Myth or reality: with the tools and technology available today, management can take it easy and let software do the heavy lifting around pricing decisions.

The truth is, I wish that was the case, but for restaurant operators responsible for pricing decisions or recommendations, it’s still necessary to devote significant thought to pricing decisions. While it’s true that automation can help greatly, making the actual decisions around pricing requires management judgment, and that won’t change.
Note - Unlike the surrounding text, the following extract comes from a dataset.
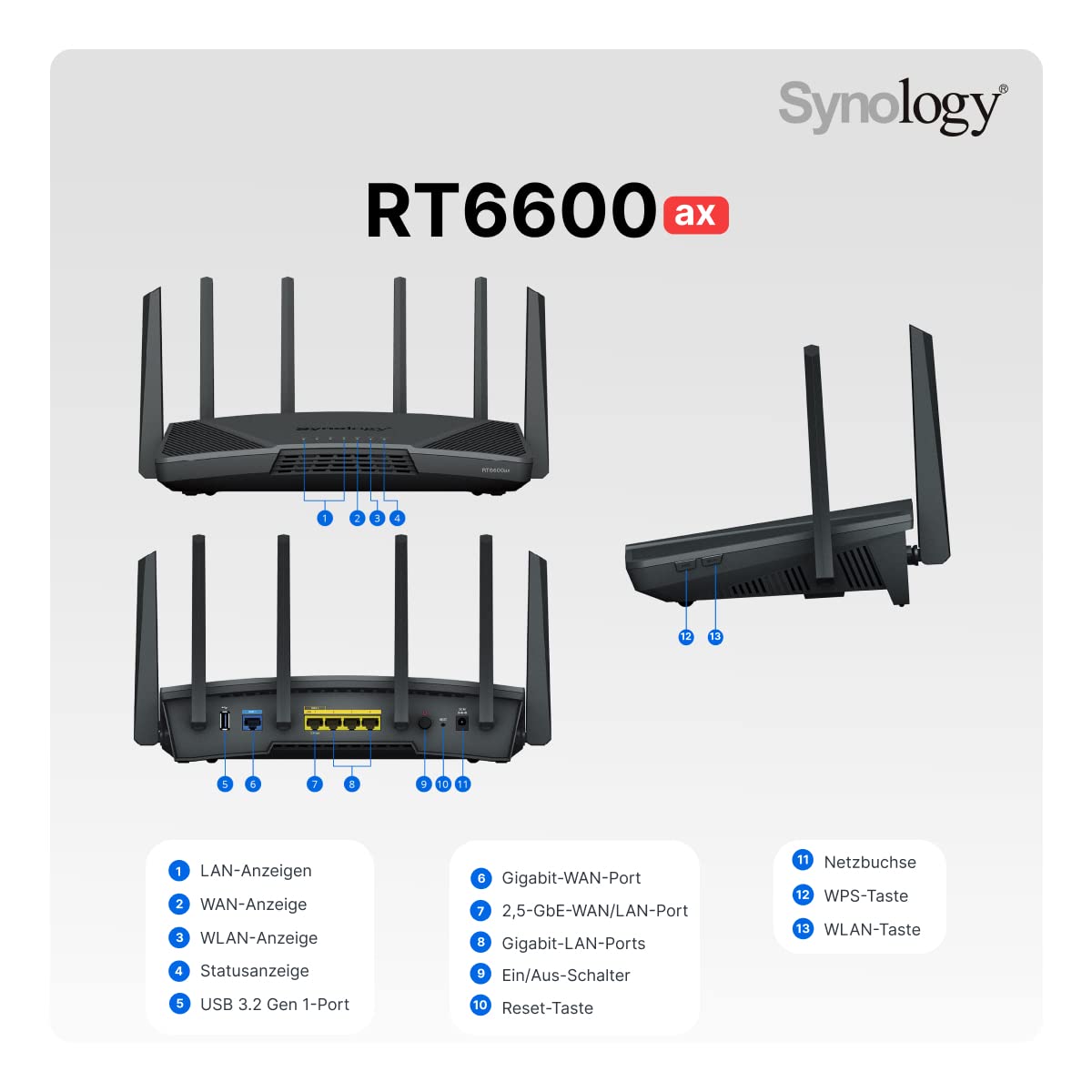 synology-rt6600ax-routeur-wifi-6-tri-bande-noir image 6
At the upcoming NRA show, I will be giving a session on how to approach the most common challenges of making pricing decisions. Having spent much of my career in this area, it’s a subject near and dear to my heart. As part of the presentation I’ll be debunking some myths surrounding pricing (see previous blog post: Can We Talk About Pricing?) Here’s more on some of the myths surrounding pricing.

So why aren’t restaurants poised to take advantage of pricing systems? Here are a few reasons.
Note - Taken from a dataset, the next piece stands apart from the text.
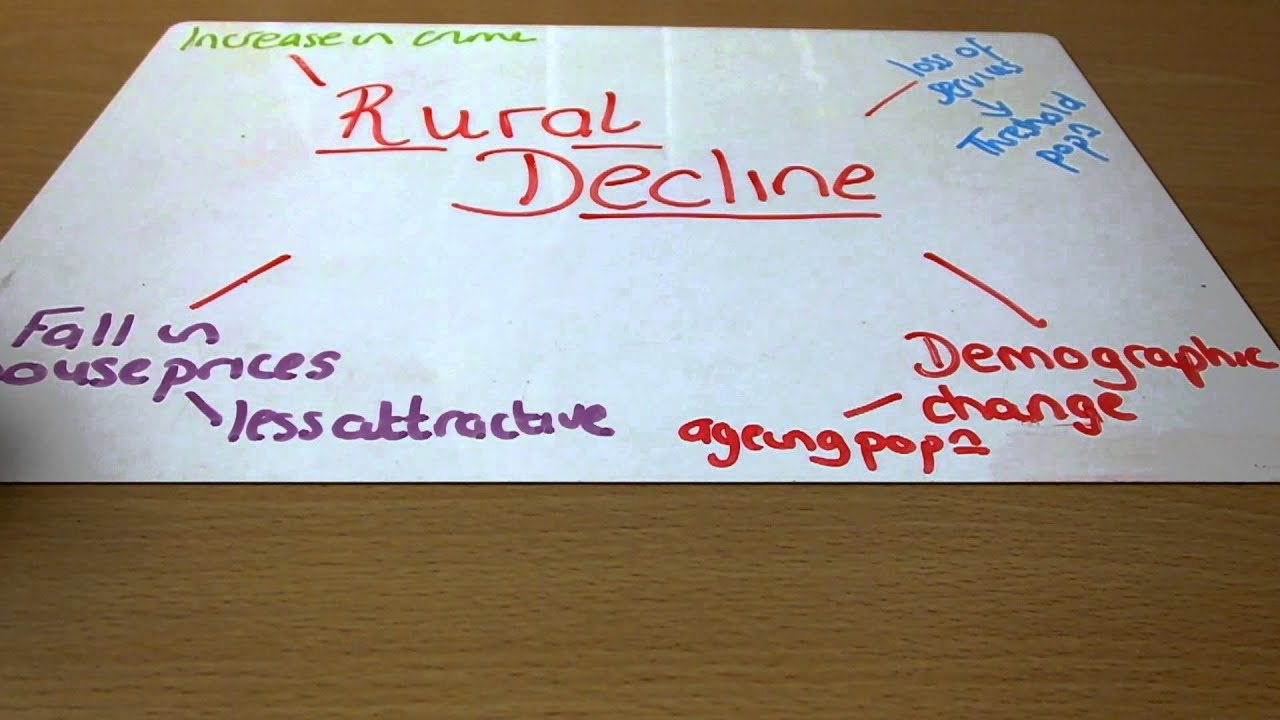 Rural Decline - F762 Rural Change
  1. Garbage In, Garbage Out – if your concept is lucky enough to have an accurate, state of the art Point of Sale (POS) system, then good for you. However, we all know that register coding and ringing are not exactly standard, so that if your company isn’t exactly consistent, you could be factoring in obsolete products or incorrect data depending on how sales are rung into the register.
  2. Software Sensitivities – Of the software out there that pertains to pricing, many packages are geared towards business-to-business industries. These products offer solutions for managing the sales pipeline, quoting, and discounting – all things that aren’t appliable to restaurants. Few are geared to the retail nature of restaurants.
  3. Non-Price Factors – for systems that do work with POS data, results can attribute an undue amount of weight to price, when in fact, it is rarely the most significant driver of restaurant performance. Having participated in many customer interviews and focus groups, I have heard customers mention convenience, service, quality, and location far higher on their lists than they do price as a factor in restaurant selection. Systems (or their developers or users) that do not allow for these variables – not to mention weather, advertising, promotions – are  omitting important determinants of revenue and profitability.
  4. Operating Realities – Even if tools and technology perform calculations such as price trends, comparable item price differences, price elasticity, and can point to potential price change candidates and the potential new pricing options, this is still not enough. Why? Because there are too many sensitivities that management should consider when finalizing price lists. These variables include the competitive environment, promotional activity, trade area differences, customer attitudes – and this list goes on.

I consider tools and technology extremely valuable in pricing analysis, and my firm consistently seeks to automate outdated ways of conducting analysis. But there is no substitute for management insight and review, and to think that pricing decisions can be made in the absence of this is simply wishful. A thorough approach with checks and balances to review information generated by automated systems will always be necessary to make sound pricing decisions.

I look forward to sharing more on this topic both at the NRA Show and in future blogs.